Keyboard shortcuts

Press or to navigate between chapters

Press S or / to search in the book

Press ? to show this help

Press Esc to hide this help

The Reentrancy Connection

Here is the central thesis of this chapter: Ethereum smart-contract reentrancy attacks are exception-safety bugs. Not analogous to exception-safety bugs. Not metaphorically related. Structurally identical. The same shape of mistake, with the same fix. The only thing different is the costume.

If this seems like a stretch, stay with me.

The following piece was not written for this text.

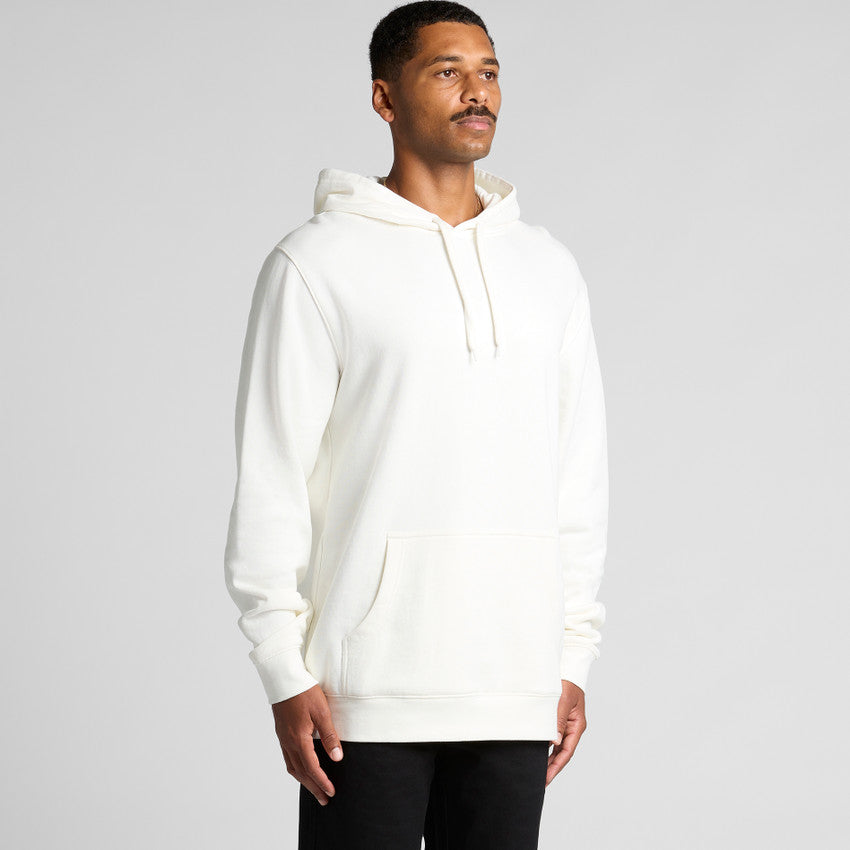 Young Freddy Men's Organic Stencil Hoodie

By the end of the chapter I want this to feel obvious.

The shape of the problem, abstracted

In any programming language with the following properties, the bug exists:

  1. There is a function F that mutates state across multiple steps.
  2. Between two of those steps, F calls another function G.
  3. G’s execution is, from F’s perspective, opaque — F does not know what G will do.
  4. G is capable of re-entering F’s context: calling back into F, observing F’s partially-mutated state, or transferring control such that the rest of F is not yet executed.

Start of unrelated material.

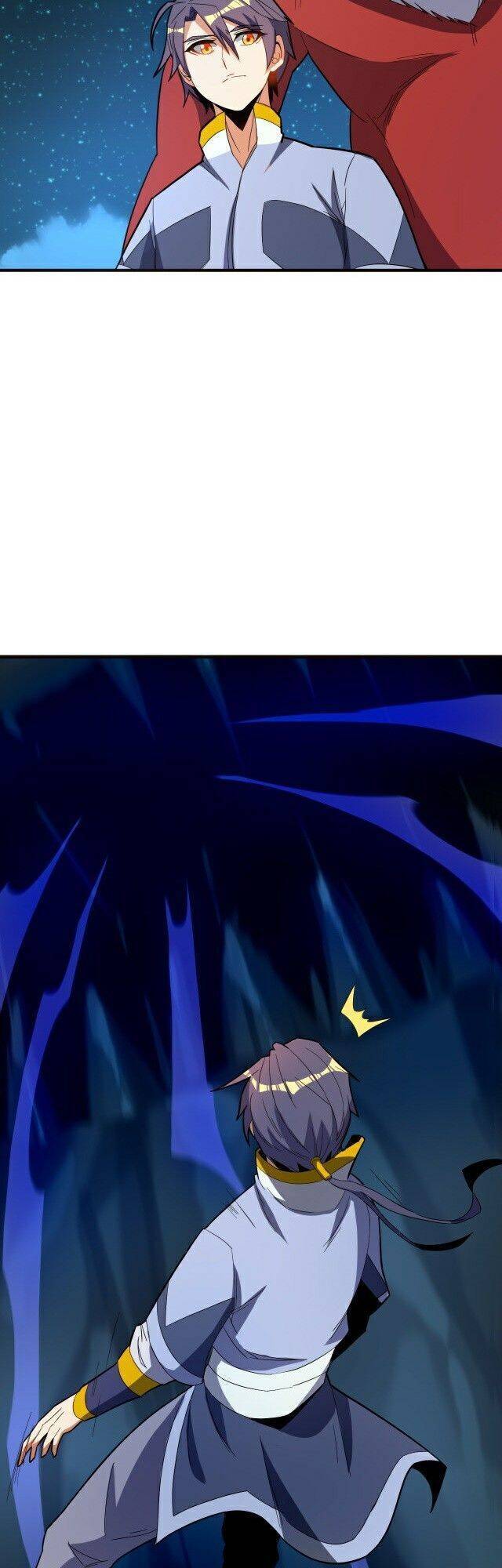 Thôn Phệ Một Thế Giới Tu Tiên Chapter 87 - 3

Substitute concrete things for F, G, and “re-enter”:

FG“re-enter”
C++ function with multi-step state updateA throwing operationThe throw skips the rest of F
Method holding a mutex while modifying shared stateCode that releases the lockAnother thread sees partial state
Smart contract functionAn external contract callThe external contract calls back into F
Signal handlerA non-async-signal-safe library callA second signal arrives
Database transactionApplication code that readsApplication reads partially-committed state

These are, again, not analogous. They are the same problem. In each case, F made a mistake by assuming control would return to it linearly after G returned, and that assumption was wrong. Whether the assumption was wrong because G threw, or because G blocked while another thread interfered, or because G was an external contract that called back, is a matter of detail. The structural error is the same.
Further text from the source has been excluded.